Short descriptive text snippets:
______

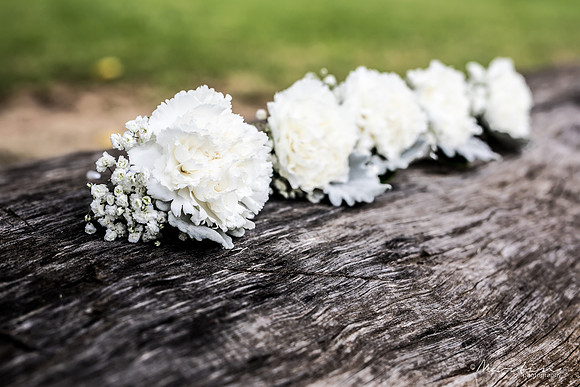 Groom A&A-131
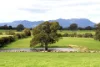 - Luhrs & Montana Road, Mooralla, Vic 3314-Image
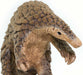 Pangolin Toy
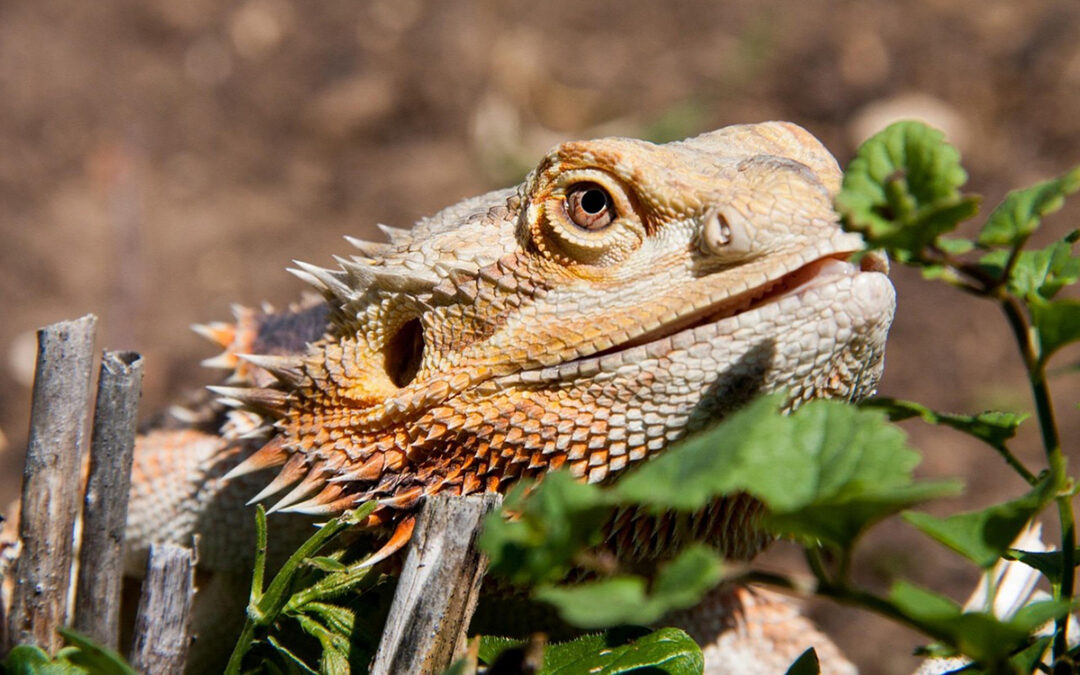How To Care For Bearded Dragons As Pets: The Complete Guide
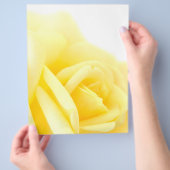 Gele rog flyer (Hand)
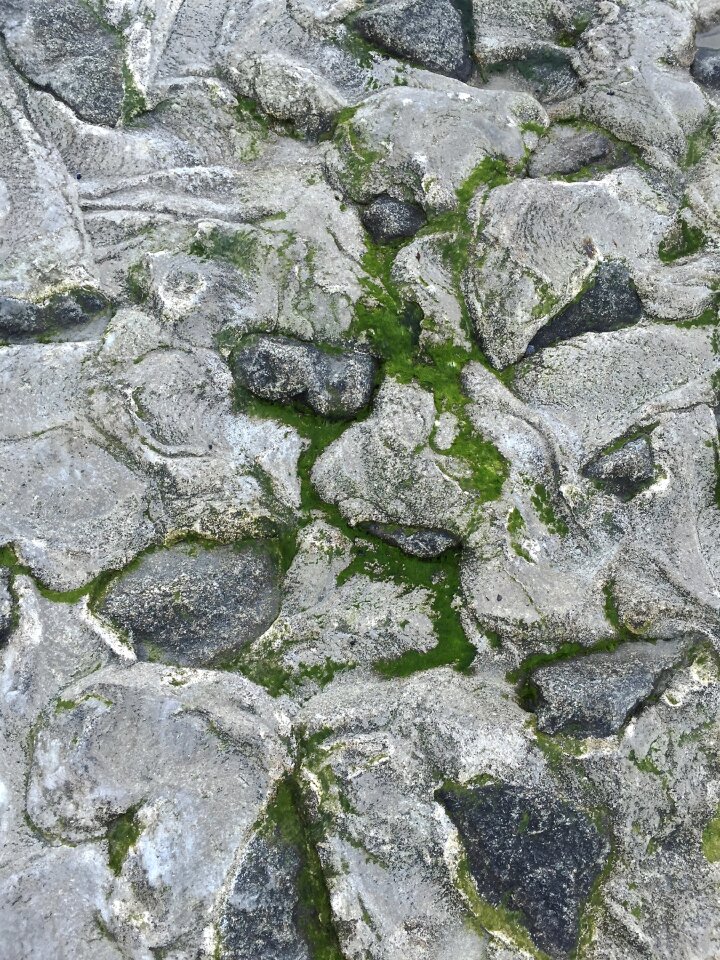 Seaweed sea coast photo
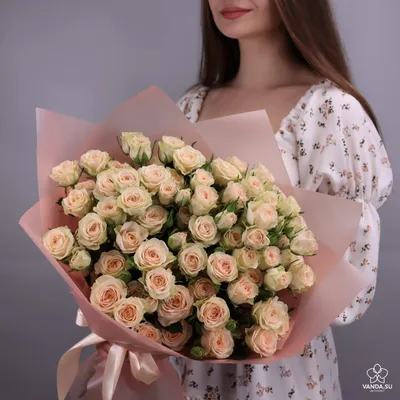 Красивые кустовые розы на фото
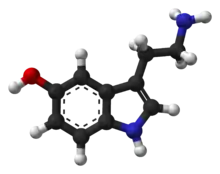 Ball-and-stick model of the serotonin molecule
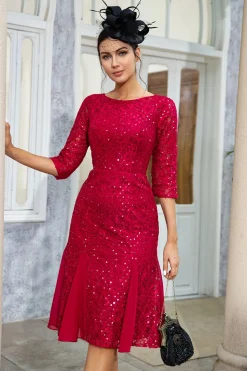 Burgundy Sheath Lace Mãe do Vestido de Noiva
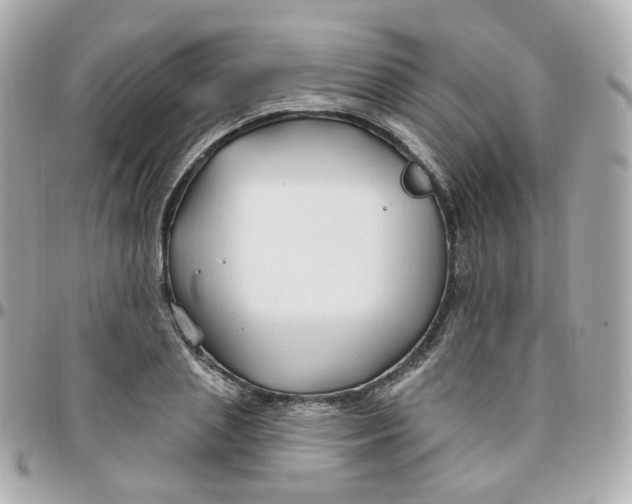 X0000095900837200802011126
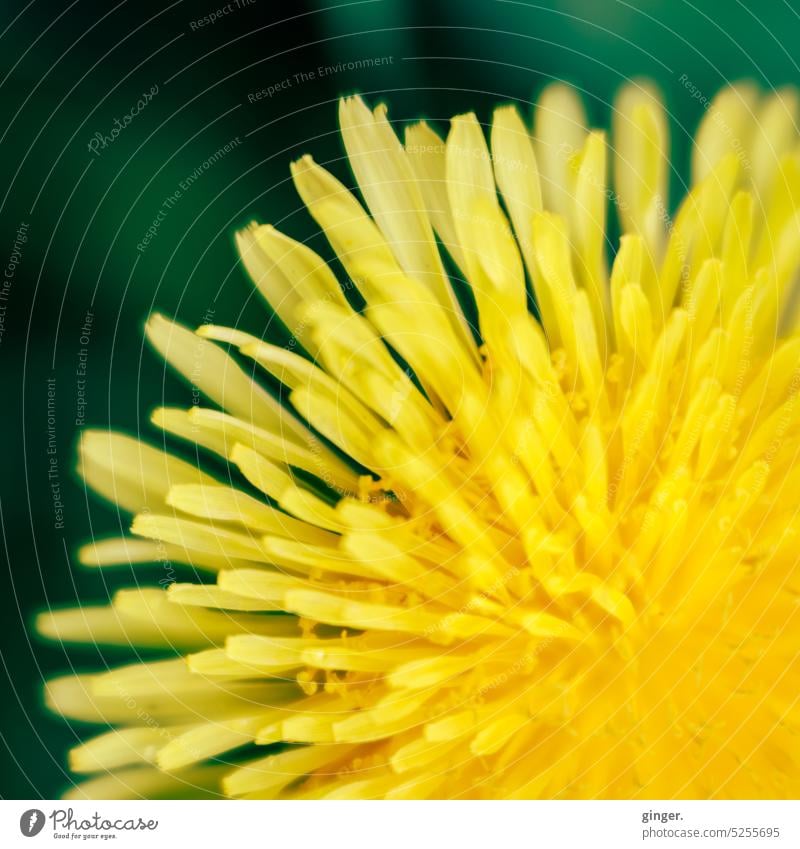 Leuchtende Blütenblätter - Lensbaby Makro gelb länglich strahlenförmig Pflanze Nahaufnahme Farbfoto Frühling Natur Außenaufnahme grün Detailaufnahme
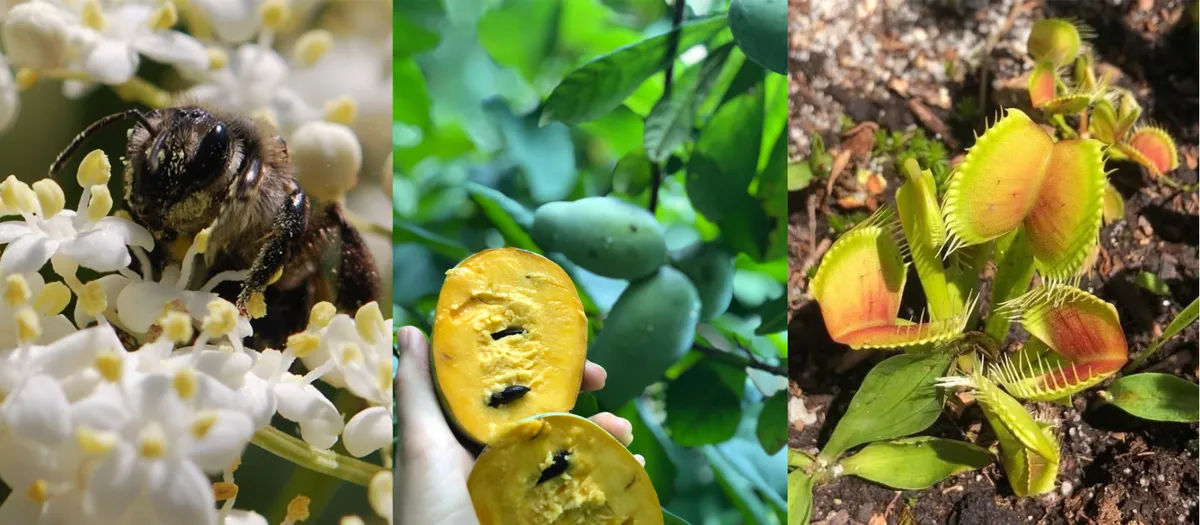 photos of bee on elderberry, pawpaw fruit in hand, and venus fly traps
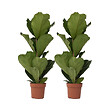 PLANT IN A BOX - Figuier à Feuilles de Violon - Set de 2 - Ficus Lyrata - Hauteur 70-90cm - ⌀21cm - vignette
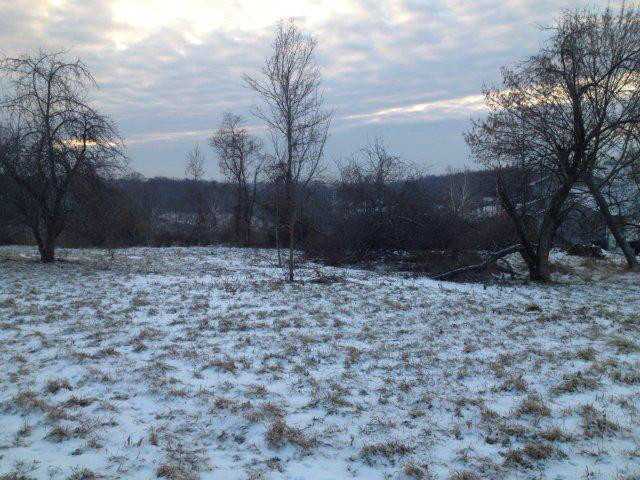 0 County Line Road, Unit LOT 7 Rushville, OH 43150 - Photo 6 of 6 Gallery Image 6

______

(Exercise aim)
What you write must match, line for line, the records from the line containing "PLANT IN A BOX" through the last line, with every picture left out.

(Result)
 PLANT IN A BOX - Figuier à Feuilles de Violon - Set de 2 - Ficus Lyrata - Hauteur 70-90cm - ⌀21cm - vignette
 0 County Line Road, Unit LOT 7 Rushville, OH 43150 - Photo 6 of 6 Gallery Image 6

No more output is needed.